September 6, 2012 (JOLIET, Ill.)

In this Intelligence Report: the next move against Peterson will involve likely murder charges in the disappearance of his fourth wife, Stacy Peterson.

The disappearance of Stacy Peterson is the "one" yet to go for Will County authorities and for the woman's friends and family.

Even with Drew Peterson behind bars, the pressure is not off prosecutors, who are already looking toward a second round of grand jury presentations aimed at justice for Stacy Peterson.

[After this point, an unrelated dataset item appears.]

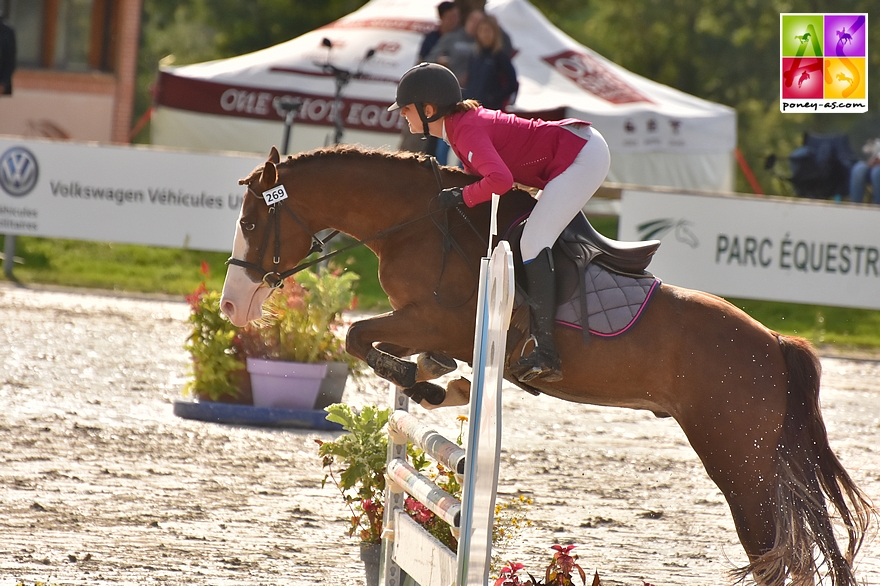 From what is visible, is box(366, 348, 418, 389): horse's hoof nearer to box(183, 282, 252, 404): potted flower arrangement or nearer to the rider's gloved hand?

"This man has to pay for Stacy," said Stacy Peterson family rep Pamela Bosco. "There is no reason why he shouldn't be brought back into court and face another jury and be put through the same hell he faced the last five weeks."

The family and friends of Stacy Peterson are not willing to rest on just one murder conviction. And neither are Will County prosecutors.

It was the unexplainable disappearance of Drew Peterson's fourth and most recent wife Stacy in 2007 that led to suspicions about the death of wife number three, Kathleen Savio, and the exhumation of her body.

When a forensic pathologist determined Savio's remains suggested homicide, Drew Peterson ended up charged -- and now convicted -- based partly on hearsay evidence from things said by Stacy herself before she "disappeared."

"She knew how he killed Kathy," Bosco said. "One way or another, he was not going to silence her and he didn't. He thought he would, but he couldn't, she was heard loud and clear to that jury and they weren't going to let him get away with it."

It will be five years next month that Stacy Peterson was last seen alive. Without a body, authorities admit it would be difficult to prosecute Peterson, but not impossible.

First, prosecutors would have to prove Stacy is no longer alive, then that a murder occurred, much in the same way they convinced jurors that Kathleen Savio's bathtub death was no accident.

"The longer someone is gone, the easier it is to prove they haven't just run away and that they are deceased," said Will County State's Attorney James Glasgow. "October 28, 2007, is in our rearview mirror now. We are going to look at that cases and assess it, and if we feel confident in going forward, we will be doing so."

"If they bring a case based on Stacy, based on this case, and then this case is overturned that would be a flawed prosecution so, the prosecution may want to think that through," said Drew Peterson's attorney Joel Brodsky.

In law there is a Latin term corpus delecti -- the body of the crime -- taken to mean that a body is necessary to serve as evidence of murder. But there have been dozens of cases in the U.S. where people have been convicted of murder even though no corpse was ever found. on only a very few occasions has the supposed "victim" later turned up alive.